Wildbacher Colli Trevigiani Igt 2005. Wildbacher (“ruscello selvaggio” nella traduzione dal tedesco), vitigno originario della regione austriaca della Stiria, importato nella Marca Trevigiana da Rambaldo XII di Collato nel XII° secolo, che ha la principale zona di diffusione proprio nei terreni collinari della frazione di Collalto. Proviene da uve Wildbacher, di colore rosso rubino intenso da giovane, assume lievi sfumature granate con l'invecchiamento. Il profumo di frutti di bosco e di erbe fini ed un sapore secco e morbido, tipicamente amarognolo, sapido ed equilibrato.
Vinciguerra I Collo di Conegliano Rosso Doc 2000: proviene da una selezione di importanti vitigni tipici della zona si costruisce attorno ad una vinificazione accurata. Uve Merlot, Cabernet Sauvignon, Cabernet Franc, Marzemino. Il colore è rosso rubino carico. Il profumo di piccoli frutti neri, prugna, speziato ed il gusto amarognolo fa spazio al dominante Marzemino. Insomma un vino com molti allori che di volta in volta esprimono il meglio di sé.
Torrai Piave Cabernet Riserva Doc 2000: proviene da uve Cabernet Sauvignon, Cabernet Franc, Carmenere. Il colore rosso rubino compatto. Il profumo di menta e marasca matura ed il gusto asciutto, armonico e dal tannino fine.

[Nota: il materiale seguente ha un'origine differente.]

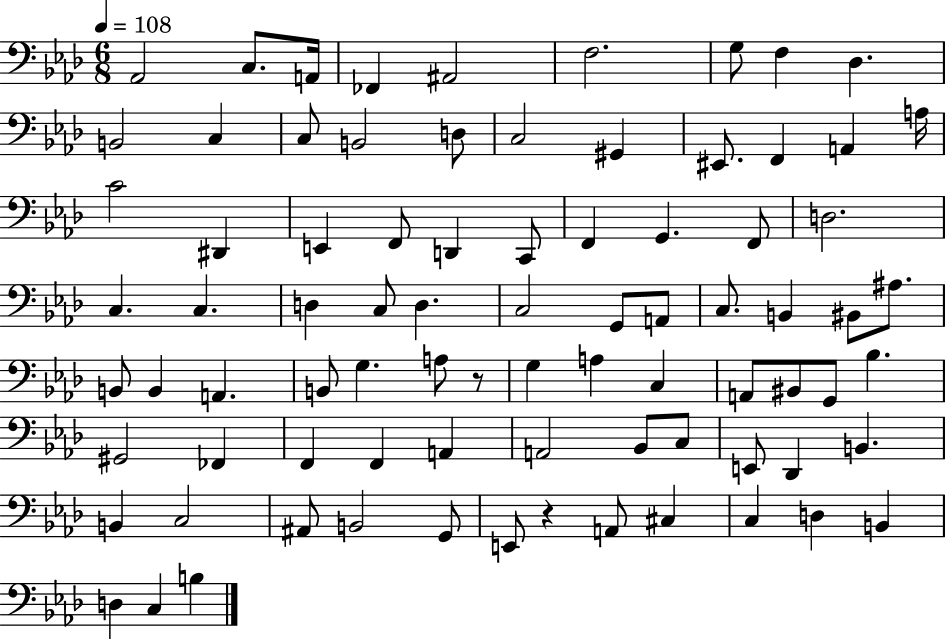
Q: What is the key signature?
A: AES major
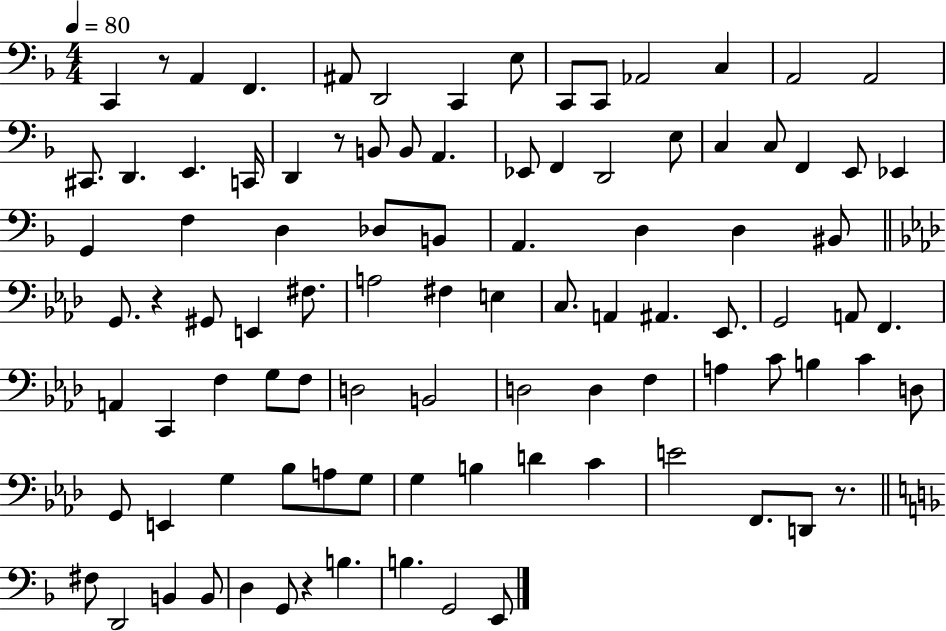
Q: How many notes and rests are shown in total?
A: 96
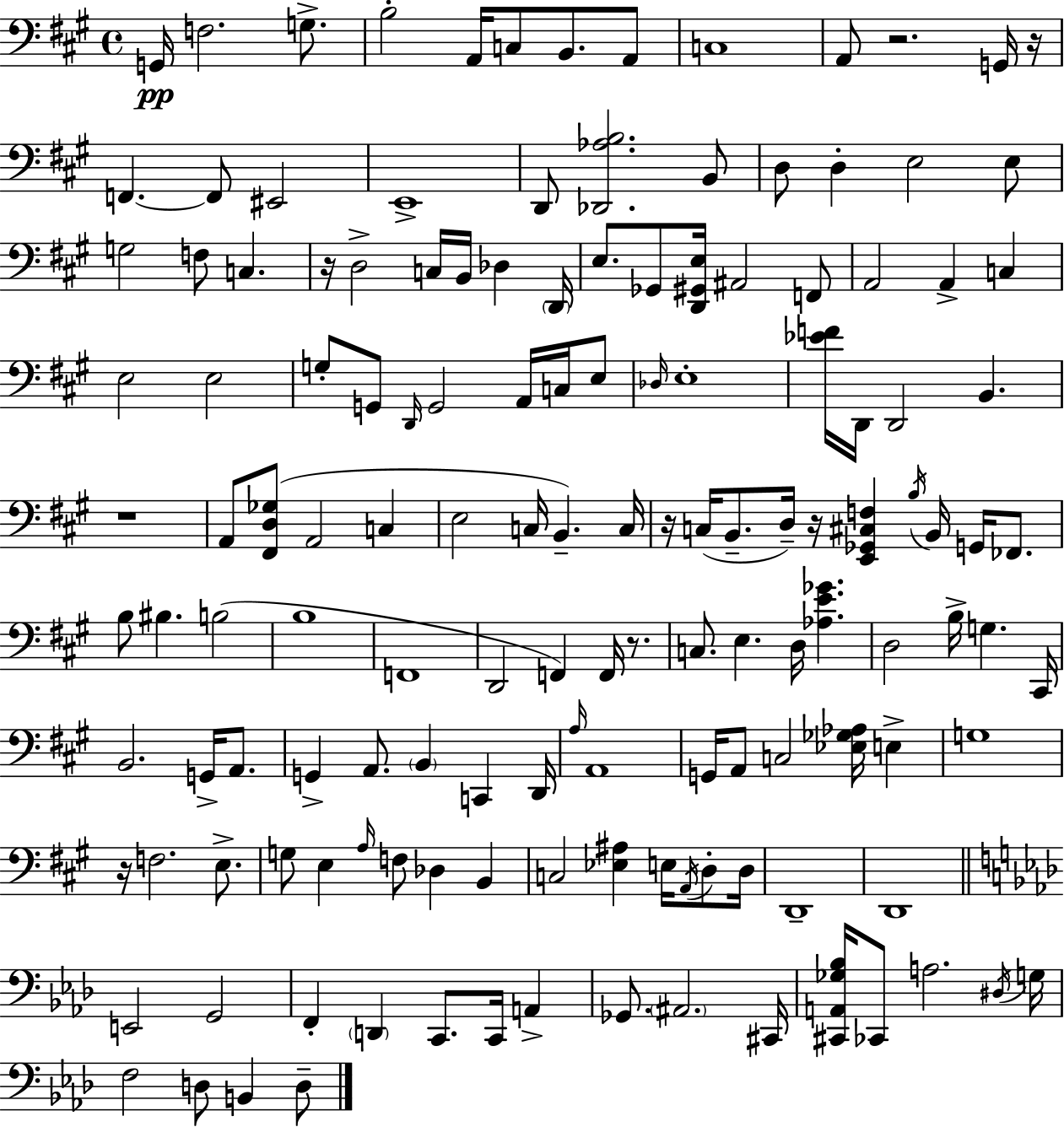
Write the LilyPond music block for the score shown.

{
  \clef bass
  \time 4/4
  \defaultTimeSignature
  \key a \major
  g,16\pp f2. g8.-> | b2-. a,16 c8 b,8. a,8 | c1 | a,8 r2. g,16 r16 | \break f,4.~~ f,8 eis,2 | e,1-> | d,8 <des, aes b>2. b,8 | d8 d4-. e2 e8 | \break g2 f8 c4. | r16 d2-> c16 b,16 des4 \parenthesize d,16 | e8. ges,8 <d, gis, e>16 ais,2 f,8 | a,2 a,4-> c4 | \break e2 e2 | g8-. g,8 \grace { d,16 } g,2 a,16 c16 e8 | \grace { des16 } e1-. | <ees' f'>16 d,16 d,2 b,4. | \break r1 | a,8 <fis, d ges>8( a,2 c4 | e2 c16 b,4.--) | c16 r16 c16( b,8.-- d16--) r16 <e, ges, cis f>4 \acciaccatura { b16 } b,16 g,16 | \break fes,8. b8 bis4. b2( | b1 | f,1 | d,2 f,4) f,16 | \break r8. c8. e4. d16 <aes e' ges'>4. | d2 b16-> g4. | cis,16 b,2. g,16-> | a,8. g,4-> a,8. \parenthesize b,4 c,4 | \break d,16 \grace { a16 } a,1 | g,16 a,8 c2 <ees ges aes>16 | e4-> g1 | r16 f2. | \break e8.-> g8 e4 \grace { a16 } f8 des4 | b,4 c2 <ees ais>4 | e16 \acciaccatura { a,16 } d8-. d16 d,1-- | d,1 | \break \bar "||" \break \key aes \major e,2 g,2 | f,4-. \parenthesize d,4 c,8. c,16 a,4-> | ges,8. \parenthesize ais,2. cis,16 | <cis, a, ges bes>16 ces,8 a2. \acciaccatura { dis16 } | \break g16 f2 d8 b,4 d8-- | \bar "|."
}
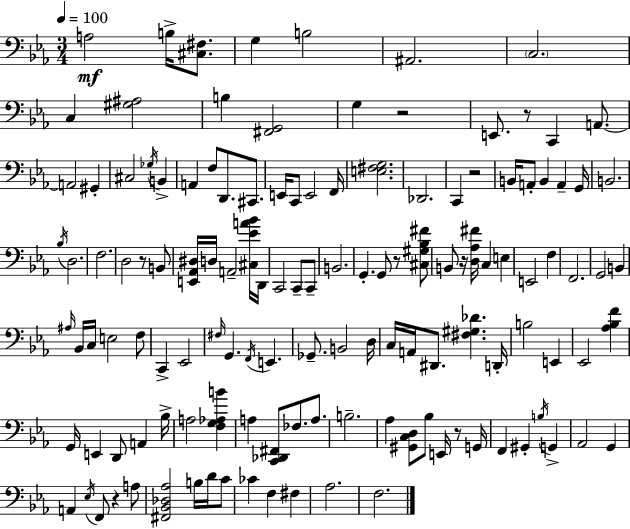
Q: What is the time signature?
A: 3/4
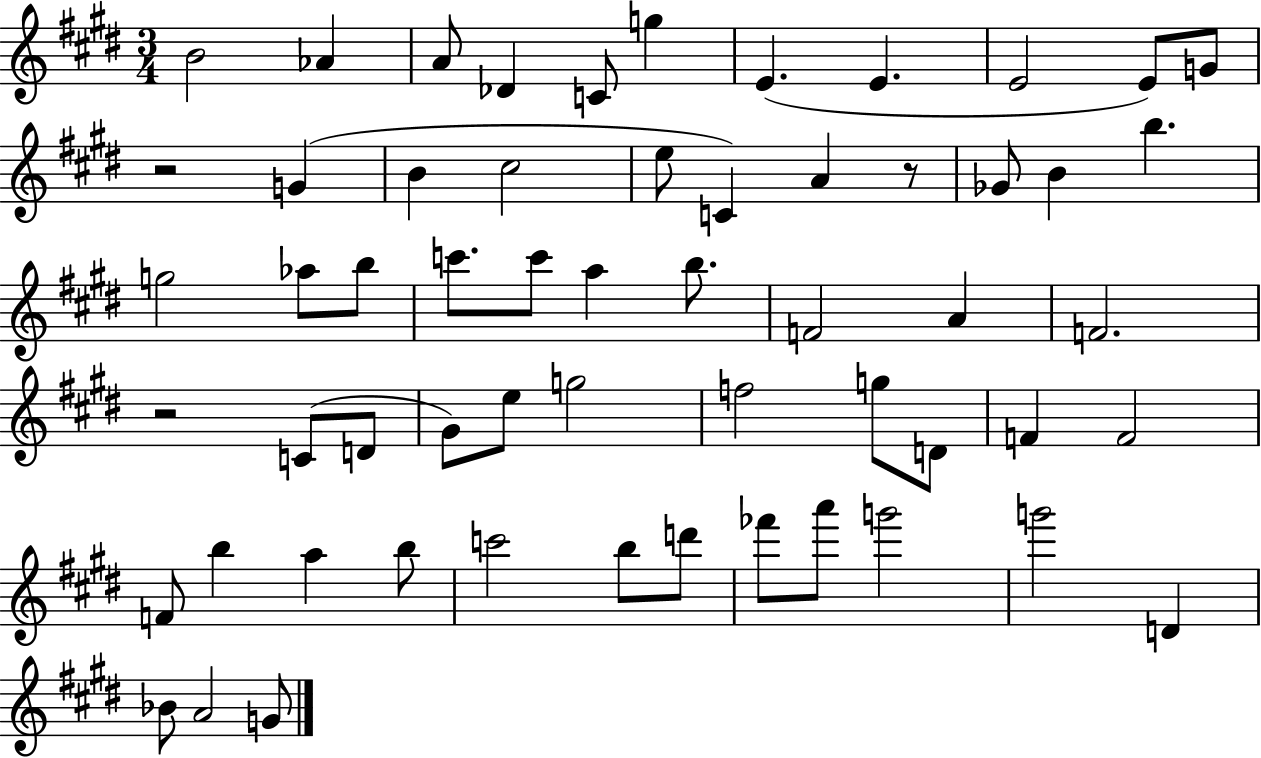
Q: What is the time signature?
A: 3/4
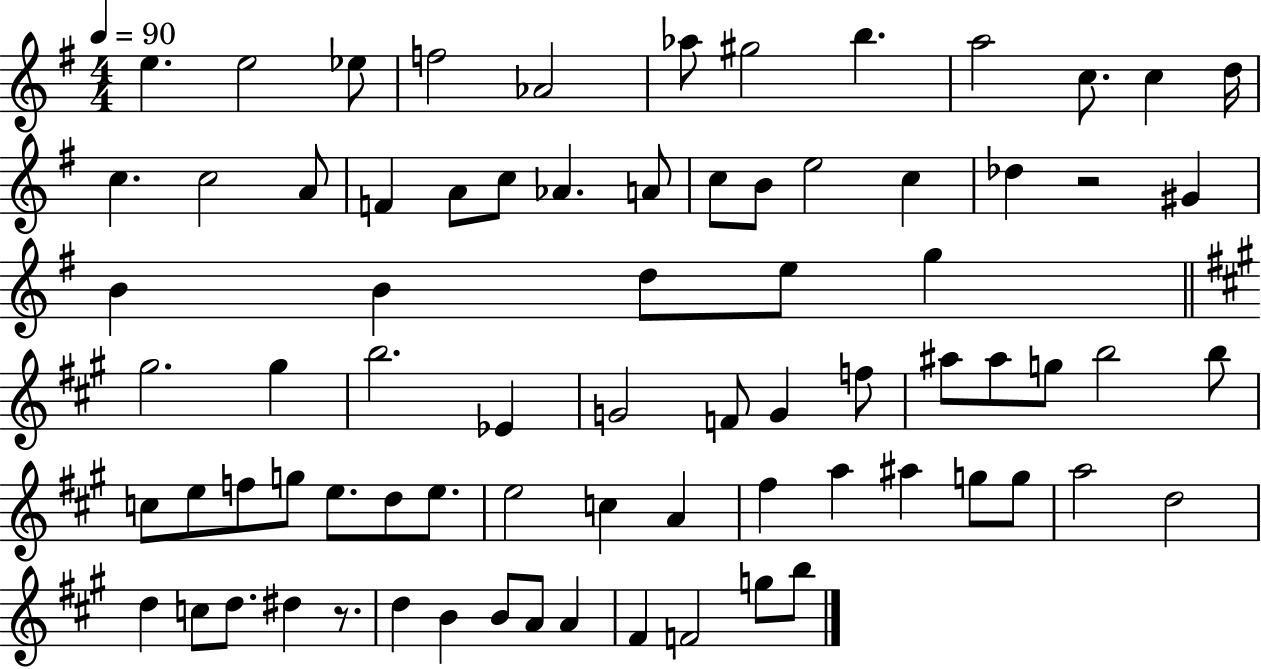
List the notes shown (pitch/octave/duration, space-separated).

E5/q. E5/h Eb5/e F5/h Ab4/h Ab5/e G#5/h B5/q. A5/h C5/e. C5/q D5/s C5/q. C5/h A4/e F4/q A4/e C5/e Ab4/q. A4/e C5/e B4/e E5/h C5/q Db5/q R/h G#4/q B4/q B4/q D5/e E5/e G5/q G#5/h. G#5/q B5/h. Eb4/q G4/h F4/e G4/q F5/e A#5/e A#5/e G5/e B5/h B5/e C5/e E5/e F5/e G5/e E5/e. D5/e E5/e. E5/h C5/q A4/q F#5/q A5/q A#5/q G5/e G5/e A5/h D5/h D5/q C5/e D5/e. D#5/q R/e. D5/q B4/q B4/e A4/e A4/q F#4/q F4/h G5/e B5/e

Rambaldo VIII Colli Trevigiani Igt 2002: proviene da uvaggio tradizionale dei migliori poderi Collalto cosituito da Refosco, Merlot, Cabernet Sauvignon, vitigni autoctoni. Il suo colore è rosso rubino. Profumo di frutti di bosco con sentori di liquirizia, cacao e spezie orientali. Gusto caldo e morbido, armonico e giustamente tannico.
I Formaggi in degustazione
Casatella Trevigiana Soligo è un formaggio molle fresco a pasta cruda di latte vaccino.Caratteristiche Organolettiche: Odore lieve latteo fresco. Aroma di latte fresco. Sapore dolce con caratteristiche venature acidule.
Torrione di Breganze è un formaggio a pasta semi-cotta di latte vaccino ottenuto in malga.
Caratteristiche Organolettiche: Odore ben marcato, lievito, frutta secca e castagna bollita. Aroma con sentori di frutta secca, di burro, e a volte di frutta esotica. Sapore dolce, saporito e ben marcato.
Soligo Mezzano è un formaggio a pasta cotta di latte vaccino. Caratteristiche Organolettiche: Odore equilibrato, di latte. Aroma di latte, leggermente burrosi con leggere percezioni di frutta secca. Sapore dolce, poco sapido.
Soligo Selezione Oro è un formaggio a pasta cotta di latte vaccino intero prodotto sin dal lontano 1883. Caratteristiche organolettiche: Odore complesso ma equilibrato. Aroma di frutta secca e spezie. Sapore dolce e sapido.
Formajo Imbriago di monovitigno è un formaggio a pasta cotta di latte vaccino frutto della collaborazione tra Scuola Enologica di Conegliano e la Latteria di Soligo. Il connubio tra vino e formaggio avviene già in caldaia e quindi il risultato è qualcosa di unico soprattutto per le caratteristiche organolettiche: Odore erbaceo, burroso, complesso. Aroma di susina gialla. Sapore dolce, leggermente salato con retrogusto delicatamente acidulo aromatico.
Formajo Imbriago tradizionale Soligo è un formaggio a pasta cotta di latte vaccino, frutto dell'affinamento del formaggio Soligo selezione Oro di oltre 12 mesi in vinaccia fresca di uva Raboso Piave DOC secondo disciplinare di produzione. Caratteristiche Organolettiche: Odore complesso ed equilibrato. Aroma di frutta secca e spezie. Sapore aromatico, leggermente piccante con note marcate di vino Raboso Piave DOC.
Soligo Barricato al Pepe è un formaggio a pasta cotta di latte vaccino intero di sole due munte con aggiunta di pepe nero e verde. Caratteristiche Organolettiche: Odore di erbe e fiori. Aroma speziato con nota di cannella. Sapore dolce con nota caratteristica di pepe.
Un piacevole tuffo in sapori e profumi, per un wee kend trascorso a Susegana in provincia di Treviso, alla scoperta dei suoi vini e della natura, con la affabilissima Principessa Isabellla Collalto de Croy che, grazie alla sua squisita cortesia e signorilità, ha offerto ai suoi ospiti un'esperienza sensoriale davvero indimenticabile.